Il Calo delle Nascite e i Tagli al Personale Scolastico
Il recente calo delle nascite in Italia ha delle ripercussioni significative sui settori educativi, influenzando non solo il numero di studenti, ma anche gli organici del personale scolastico. A partire dall’anno scolastico 2026/2027, sono previsti tagli strutturali che interesseranno 2.174 posti di collaboratore scolastico a livello nazionale, con particolar enfasi sul secondo ciclo d’istruzione, includendo licei, istituti tecnici e professionali.

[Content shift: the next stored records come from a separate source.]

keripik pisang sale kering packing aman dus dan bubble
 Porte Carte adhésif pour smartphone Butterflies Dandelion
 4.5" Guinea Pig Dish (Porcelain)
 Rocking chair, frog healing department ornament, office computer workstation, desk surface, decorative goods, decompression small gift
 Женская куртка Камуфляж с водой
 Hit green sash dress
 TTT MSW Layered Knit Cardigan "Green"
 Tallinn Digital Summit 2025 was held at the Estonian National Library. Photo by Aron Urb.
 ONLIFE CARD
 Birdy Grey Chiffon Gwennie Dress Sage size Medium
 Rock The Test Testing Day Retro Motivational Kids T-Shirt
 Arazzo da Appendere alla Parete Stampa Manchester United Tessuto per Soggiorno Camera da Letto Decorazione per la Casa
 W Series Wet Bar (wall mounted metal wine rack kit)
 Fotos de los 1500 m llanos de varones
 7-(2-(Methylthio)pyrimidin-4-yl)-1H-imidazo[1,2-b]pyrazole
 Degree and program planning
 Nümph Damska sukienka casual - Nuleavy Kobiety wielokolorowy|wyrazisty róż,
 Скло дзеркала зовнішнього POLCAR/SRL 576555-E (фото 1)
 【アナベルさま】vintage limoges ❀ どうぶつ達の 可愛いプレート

Questa misura è stata stabilita dal D.M. 211 del 3 novembre 2025, in attuazione della Legge di Bilancio 2026.
Le conseguenze di queste riduzioni si faranno sentire in modo particolare nelle scuole della Sicilia. Fabio Cirino, segretario generale della Flc-Cgil Palermo, ha espresso preoccupazione, definendo questa scelta come “una decisione miope” che ignora la realtà operativa delle scuole e il ruolo cruciale del personale Ata. La riduzione dei membri del personale scolastico potrebbe compromettere l’efficienza e i servizi offerti agli studenti.
Cirino evidenzia che “ridurre i collaboratori scolastici significa minare il funzionamento quotidiano delle istituzioni educative, aumentando i carichi di lavoro e mettendo a rischio la vigilanza, la sicurezza, la pulizia e l’assistenza agli alunni”. Un chiaro segnale di come i tagli non tocchino solo i numeri, ma abbiano un impatto diretto sulla qualità dell’istruzione.